Privileged 30-somethings hide from their woes in Nantucket.

Hilderbrand’s saga follows the lives of Melanie, Brenda and Vicki. Vicki, alpha mom and perfect wife, is battling late-stage lung cancer and, in an uncharacteristically flaky moment, opts for chemotherapy at the beach. Vicki shares ownership of a tiny Nantucket cottage with her younger sister Brenda. Brenda, a literature professor, tags along for the summer, partly out of familial duty, partly because she’s fleeing the fallout from her illicit affair with a student. As for Melanie, she gets a last minute invite from Vicki, after Melanie confides that Melanie’s husband is having an affair. Between Melanie and Brenda, Vicki feels her two young boys should have adequate supervision, but a disastrous first day on the island forces the trio to source some outside help. Enter Josh, the adorable and affable local who is hired to tend to the boys.
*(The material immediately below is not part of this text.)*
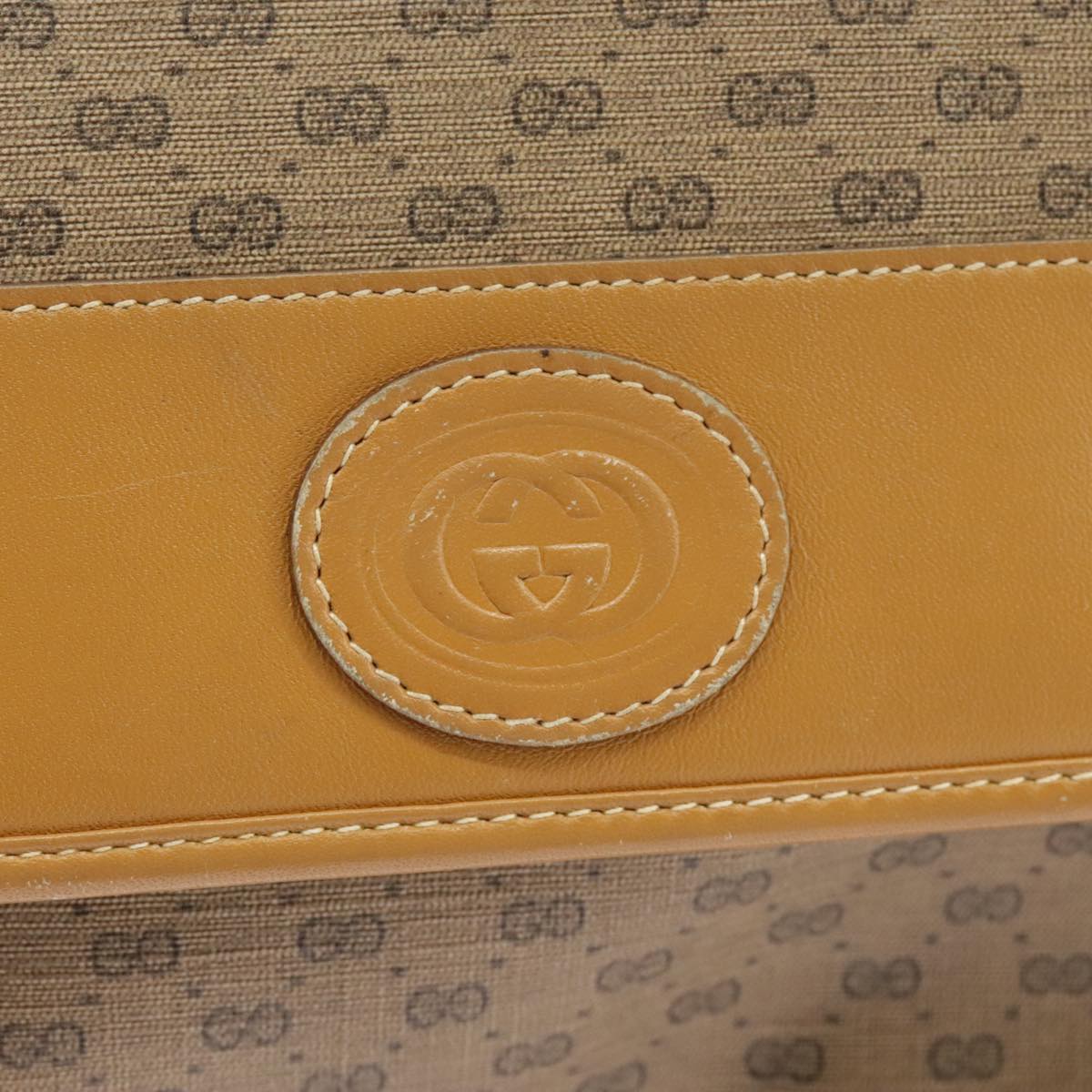 GUCCI Micro GG Supreme Shoulder Bag PVC Beige Gold 99301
On break from college, Josh learns about the pitfalls of mature love as he falls for the beauties in the snug abode. Josh likes beer, analysis-free relationships and hot older women. In a word, he’s believable. In addition to a healthy dose of testosterone, the novel is balanced by powerful descriptions of Vicki’s bond with her two boys. Emotions run high as she prepares for death.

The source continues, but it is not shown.